ABC research says that as of 2019, Fowler is the most economically disadvantaged electorate in Australia. It is more or less centred on Cabramatta in Sydney's west, but also extends to Liverpool, where I grew up.
When I was a kid, Liverpool was a prosperous working class and market gardening area with large factories on the Moorebank side of the Georges River providing well-paid, secure jobs.
Cabramatta and nearby Canley Vale hosted a great number of English migrants, with a mainly Italian and Yugoslav population away from the railway line where market gardens and chicken farms dominated.
Today in Fowler, 76.1 per cent of voters have both parents born overseas, with only 11 per cent having both parents born in Australia.
Very many of the voters are children of Vietnamese migrants who escaped at the end of the war in Vietnam. Others came from Iraq, Cambodia and China.
Into this apparently poverty-stricken area with 10 per cent unemployment steps well-heeled Kristina Keneally from exclusive Scotland Island near Sydney's northern beaches. Of course, Keneally says she is going to move there - swapping her mansion for a Cabramatta unit?
Today in Fowler, 76.1 per cent of voters have both parents born overseas …
Adding to Keneally's difficulties, retiring member Chris Hayes anointed a popular local, Vietnamese-Australian lawyer Tu Le. Her pictures show a young, smiling, appealing person who undoubtedly would have increased Labor's vote in this 67.49 per cent safe Labor seat.
The right-wing Spectator is scathing, saying Labor would have the multi-cultural voters of Fowler believe Keneally is also a 'celebrity' candidate to whom they should flock with arms outstretched.
She loves lecturing on "feminism, immigration, the economy, justice, the environment, human rights and even the language of politics," The Spectator adds.
The Spectator reminds us that, "The (NSW) Keneally government went on to suffer a catastrophic 16.5 point swing statewide in the 2011 state election. This was the biggest swing against a government in the nation's electoral history", and suffered "a humiliating defeat in the seat of Bennelong by-election, losing to Liberal John Alexander".
However, it is her comments on immigration that may become her stumbling block. In May last year, the Sydney Morning Herald carried an article written by Kristina Keneally entitled, "Do we want migrants to return in the same numbers? The answer is no".
I thought her observations about temporary migrants were sensible, but now, even the fact that she discussed scaling-back migration may prove to be a disadvantage in this high-migration seat.
Paragraphs like: "While Australia's high level of migration played a key role in our economic prosperity, in recent years, the shape and size of our intake has hurt many Australian workers, contributing to unemployment, underemployment and low wage growth". And, "... when we restart our migration program, do we want migrants to return to Australia in the same numbers and in the same composition as before the crisis?

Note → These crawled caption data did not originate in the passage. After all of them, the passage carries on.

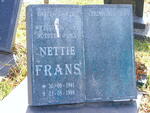 FRANS Nettie 1941-1998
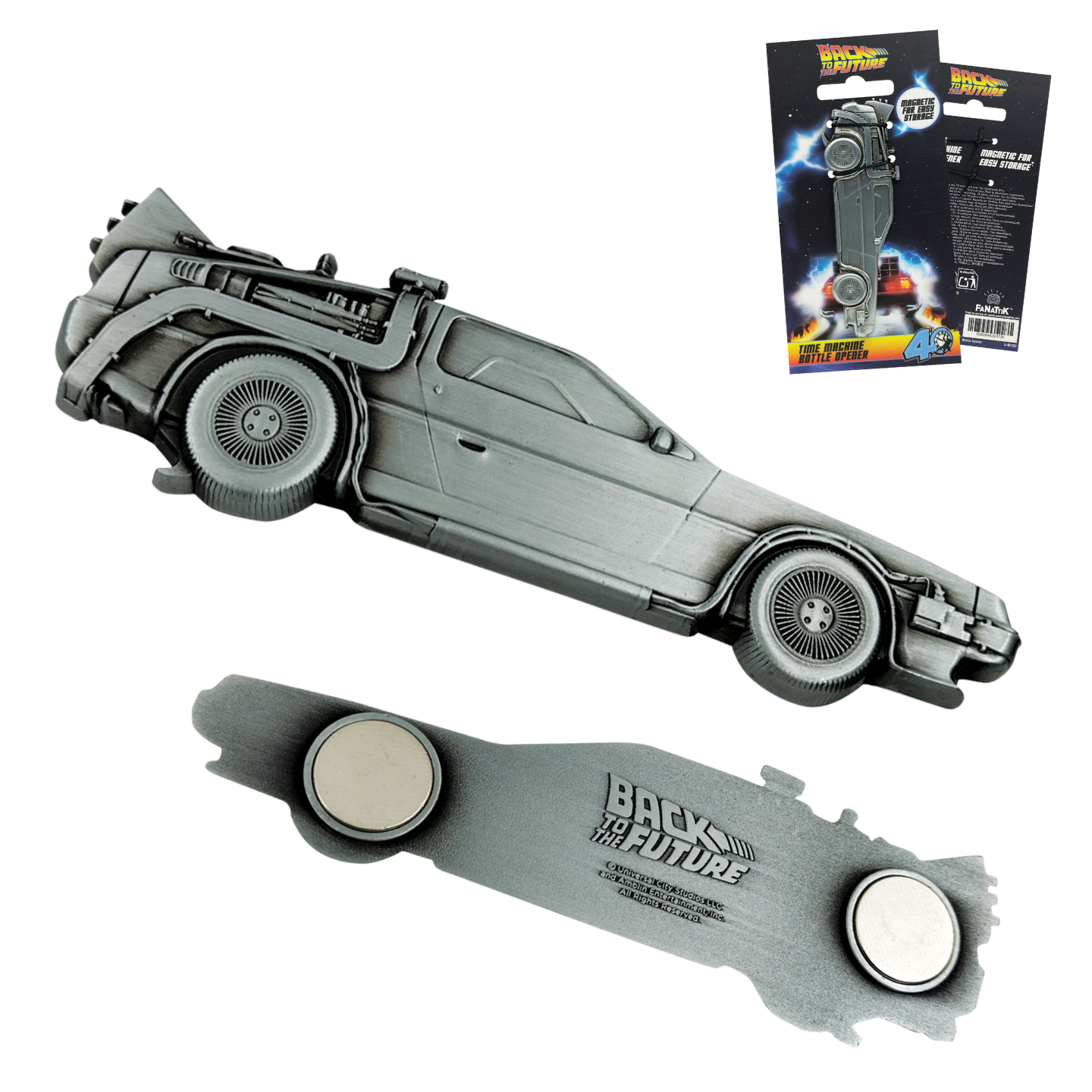 Back to the Future Magnetic DeLorean Bottle Opener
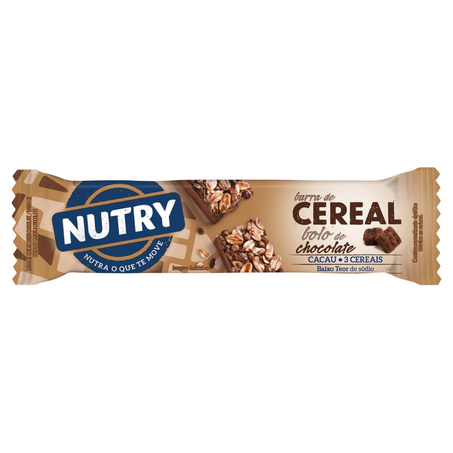 Barra de Cereal Nutry 22g - Bolo de Chocolate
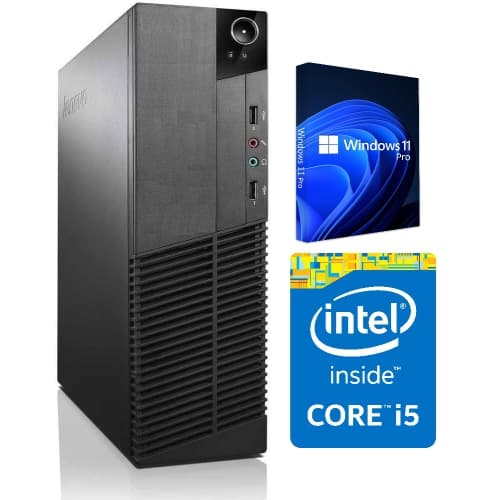 Lenovo ThinkCentre M73 SFF / i5-4570 3.2GHz / 8GB RAM / 500GB HDD / Windows 11 Pro / WiFi - Business Desktop PC Computer - Refurbished (Good)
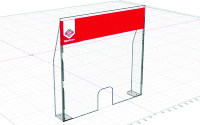 Small Acrylic Screen - SF01: 600mm (w) x 1050mm (h) $380+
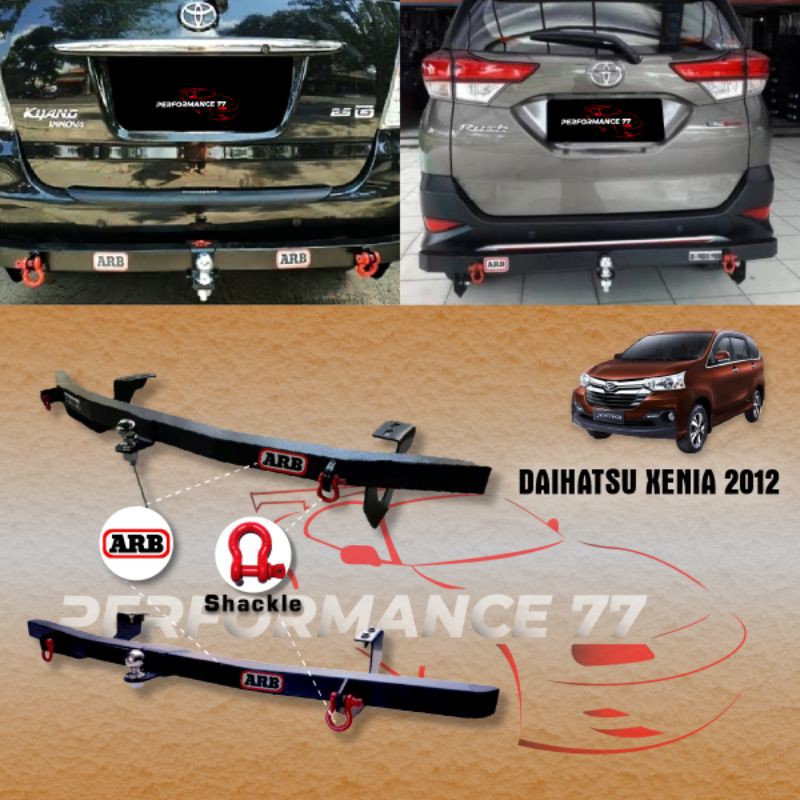 Jual Towing Bar ARB Besi Bumper Belakang Full Plus Anting Toyota All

Our answer should be no."
The Conversation's article in response by senior economist Gabriela D'Souza says permanent migrants don't take Australian's jobs. "Australia's migration program is the envy of other countries," she writes. Many Fowler voters would agree with D'Souza and be suspicious of Keneally's feelings about their migrant past.
Jonathon Sri, Brisbane's first-ever Greens city councillor, is more likely to reflect voters' opinions in Fowler. In May 2020, Sri asked, "Was Keneally's migration diatribe fair dinkum racist?"
Sri doesn't want Keneally "cancelled" but says, "All I'm saying is that in this case, the arguments Kristina is advancing are based on racist premises, tend towards racist outcomes, and will have the effect of legitimising and emboldening racism in Australian public discourse.
Sri even asks is this, "De facto White Australia?" And, "... she supports harsher, militarised border policing to keep them out."
Whoa! Sri's Green views may be an extreme interpretation, but in the overseas-born electorate of Fowler, maybe her migrant stance could come back to bite her.
Instead of silvertail Kristina from Scotland Island, maybe Labor should have endorsed young up-and-coming local lawyer Tu Le in Fowler.